Kawashima v. Holder
February 21, 2012
Case #: 10-557
Thomas, J., delivered the opinion of the Court, in which Roberts, C.J., and Scalia, Kennedy, Alito, and Sotomayor, JJ., joined. Ginsburg, J., filed a dissenting opinion, in which Breyer and Kagan, JJ., joined.
Full Text Opinion: http://www.supremecourt.gov/opinions/11pdf/10-577.pdf
Immigration: Convictions for making or assisting in the making of a false tax return constitute aggravated felonies under 8 U.S.C. § 1101(a)(43)(M)(i) when the loss to the government exceeds $10,000 and therefore subject petitioners to deportation under the Immigration and Nationality Act.
The Kawashimas, lawful permanent residents, were convicted of making a false statement on a tax return and for assisting in the preparation of a false tax return. Under 8 U.S.C. § 1101(a)(43)(M)(i), an offense that involves fraud or deceit in which the total loss to the victim exceeds $10,000 is defined as an aggravated felony. Mr. Kawashima stipulated that the government’s total loss as a result of his false tax return was $245,126. Under 8 U.S.C. § 1227(a)(2)(A)(iii), any alien convicted of an aggravated felony is deportable. As a result of the Kawashimas’ convictions, an immigration judge ordered the Kawashimas’ removal to Japan. The Board of Immigration Appeals made the determination that the Kawashimas’ convictions constituted aggravated felonies and affirmed the deportation order. The Ninth Circuit Court of Appeals affirmed the Board’s determination.

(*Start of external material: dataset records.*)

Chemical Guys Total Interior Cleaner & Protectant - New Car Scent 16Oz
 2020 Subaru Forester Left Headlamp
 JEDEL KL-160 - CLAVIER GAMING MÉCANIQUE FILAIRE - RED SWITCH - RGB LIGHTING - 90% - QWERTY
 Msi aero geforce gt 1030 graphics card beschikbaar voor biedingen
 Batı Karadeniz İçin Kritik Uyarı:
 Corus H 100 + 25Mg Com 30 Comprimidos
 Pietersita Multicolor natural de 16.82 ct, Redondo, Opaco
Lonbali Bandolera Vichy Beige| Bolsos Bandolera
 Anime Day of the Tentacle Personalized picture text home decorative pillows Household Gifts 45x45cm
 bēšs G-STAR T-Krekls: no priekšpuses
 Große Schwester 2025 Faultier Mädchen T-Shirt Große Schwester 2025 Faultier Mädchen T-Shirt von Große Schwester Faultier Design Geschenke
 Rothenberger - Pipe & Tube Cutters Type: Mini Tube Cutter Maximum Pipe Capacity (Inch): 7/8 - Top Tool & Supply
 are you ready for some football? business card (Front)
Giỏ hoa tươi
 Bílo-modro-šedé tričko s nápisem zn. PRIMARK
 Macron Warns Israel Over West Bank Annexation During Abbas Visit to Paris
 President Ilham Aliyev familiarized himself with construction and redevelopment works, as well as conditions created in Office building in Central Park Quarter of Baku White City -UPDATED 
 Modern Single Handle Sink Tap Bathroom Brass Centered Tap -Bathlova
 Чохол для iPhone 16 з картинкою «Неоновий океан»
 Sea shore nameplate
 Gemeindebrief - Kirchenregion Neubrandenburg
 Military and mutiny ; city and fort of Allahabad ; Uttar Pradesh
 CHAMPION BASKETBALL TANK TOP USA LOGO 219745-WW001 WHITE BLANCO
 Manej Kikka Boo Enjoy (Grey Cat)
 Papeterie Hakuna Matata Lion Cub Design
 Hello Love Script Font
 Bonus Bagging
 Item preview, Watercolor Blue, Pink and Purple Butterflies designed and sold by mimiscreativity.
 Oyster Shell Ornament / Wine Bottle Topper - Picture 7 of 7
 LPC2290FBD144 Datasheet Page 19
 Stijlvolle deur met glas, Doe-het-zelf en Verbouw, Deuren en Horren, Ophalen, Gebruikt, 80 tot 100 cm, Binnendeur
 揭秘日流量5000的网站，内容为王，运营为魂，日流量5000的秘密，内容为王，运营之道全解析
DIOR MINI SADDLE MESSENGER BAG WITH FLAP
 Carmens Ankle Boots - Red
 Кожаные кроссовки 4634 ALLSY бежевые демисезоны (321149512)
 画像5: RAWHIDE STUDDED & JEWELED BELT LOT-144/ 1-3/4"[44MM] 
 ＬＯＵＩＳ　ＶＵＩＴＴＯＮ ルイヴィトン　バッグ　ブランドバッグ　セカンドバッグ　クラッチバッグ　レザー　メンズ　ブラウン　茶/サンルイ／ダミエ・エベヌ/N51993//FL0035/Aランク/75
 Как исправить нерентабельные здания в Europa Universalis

The Supreme Court affirmed the Ninth Circuit, holding that the offenses of making a false tax return and assisting in the making of a false tax return constitute aggravated felonies when the total loss to the government exceeds $10,000. The Court held that, although fraud and deceit are not formal elements of making or assisting in the making of a false tax return, 8 U.S.C. § 1101(a)(43)(M)(i) refers more broadly to offenses involving fraudulent or deceitful conduct. The crimes of which the Kawashimas were convicted entailed fraudulent or deceitful conduct because both offenses involved knowingly or willfully participating in the filing of a materially false tax return. The Court rejected the Kawashimas’ argument that, because Congress specifically defined certain tax crimes as aggravated felonies in Clause (ii) of the statute, Congress did not intend to include the Kawashimas’ offenses within the broad scope of § 1101(a)(43)(M)(i).